---------- Records for processing ----------

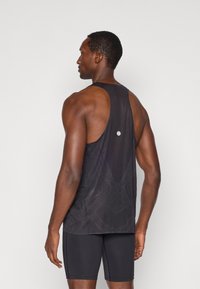 Μαύρο αθλητικό τοπ με διάτρητο σχέδιο και χαμηλή πλάτη, διαθέτοντας μια μικρή ανακλαστική λεπτομέρεια. Συνδυάζεται με μαύρες εφαρμοστές σορτς.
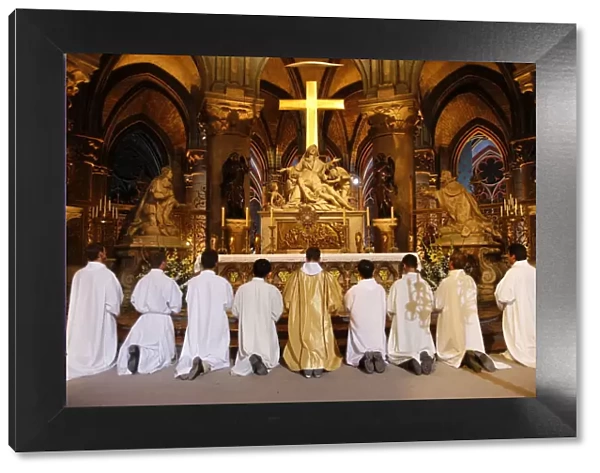 Eucharist adoration in Notre Dame de Paris cathedral, Paris, France, Europe
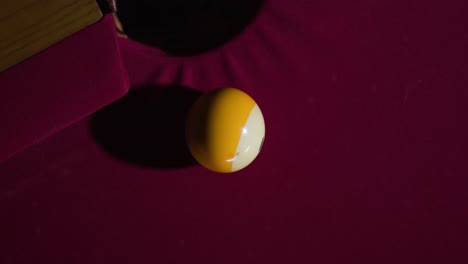 slow motion cue ball hits striped ball into hole on the pool table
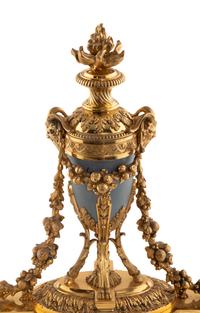 A Pair of French Gilt Bronze and Painted Tole Chenets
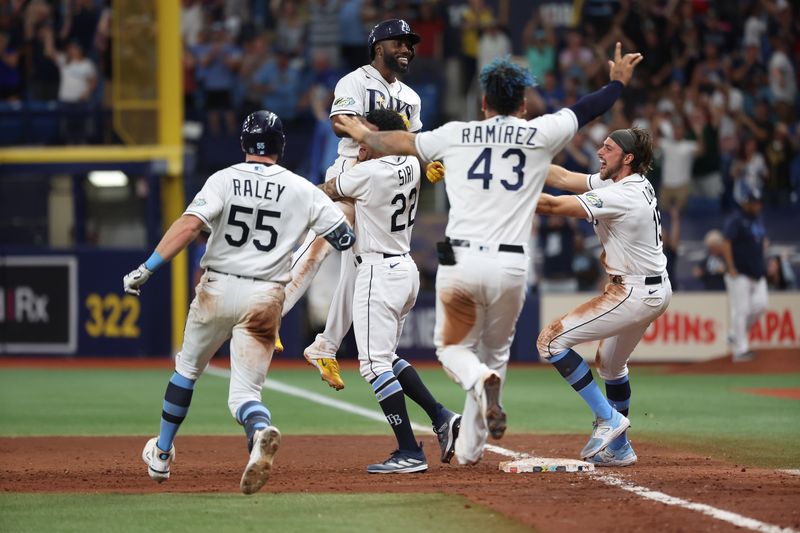 Aug 12, 2023; St. Petersburg, Florida, USA;  Tampa Bay Rays left fielder Randy Arozarena (56) is congratulated after he hit a walk off RBI single against the Cleveland Guardians during the ninth inning at Tropicana Field. Mandatory Credit: Kim Klement Neitzel-USA TODAY Sports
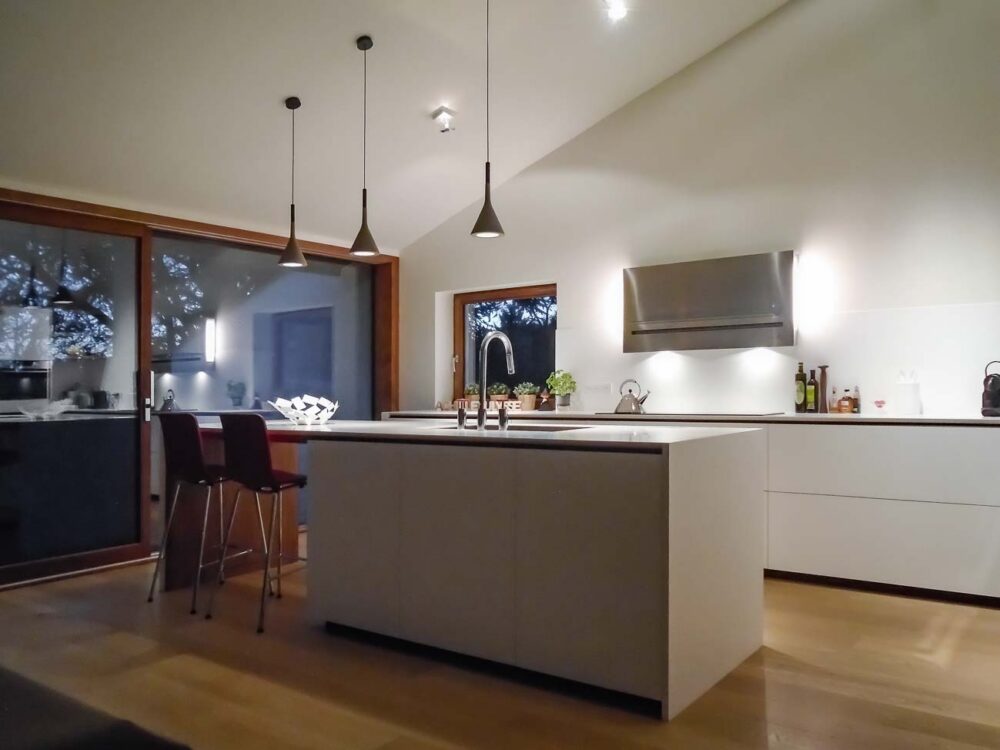 Cuisine laqué blanc mat, détails en noyer et plan de travail en Corian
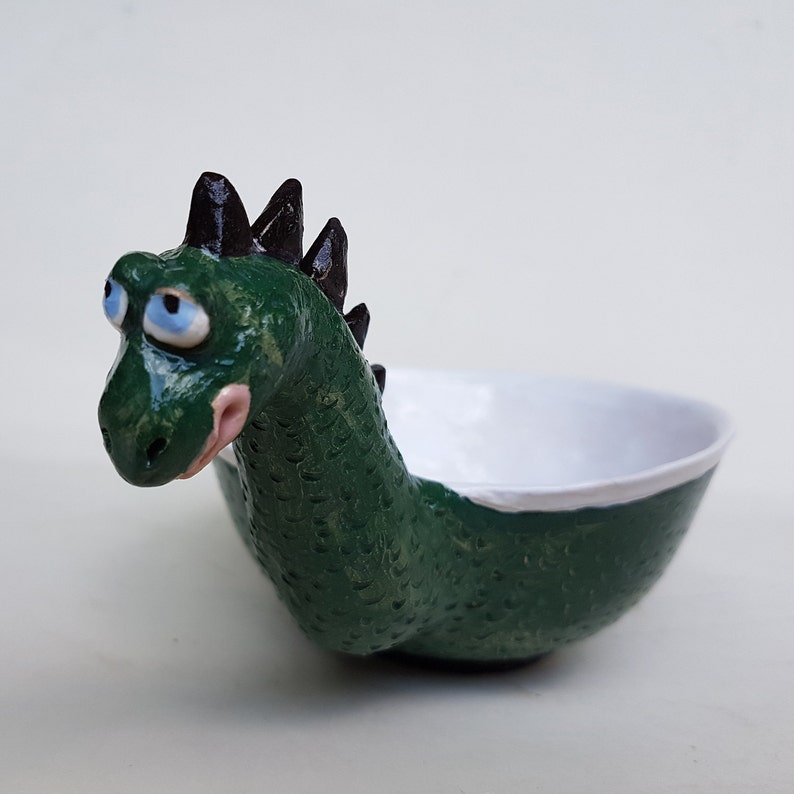 dinosaur with bowl head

----------

> **What this task involves**:
Repeat the listing above from its first line through the line that contains "A Pair of French", both included, and nothing more. Drop the pictures.

> **Answer box**:
 Μαύρο αθλητικό τοπ με διάτρητο σχέδιο και χαμηλή πλάτη, διαθέτοντας μια μικρή ανακλαστική λεπτομέρεια. Συνδυάζεται με μαύρες εφαρμοστές σορτς.
 Eucharist adoration in Notre Dame de Paris cathedral, Paris, France, Europe
 slow motion cue ball hits striped ball into hole on the pool table
 A Pair of French Gilt Bronze and Painted Tole Chenets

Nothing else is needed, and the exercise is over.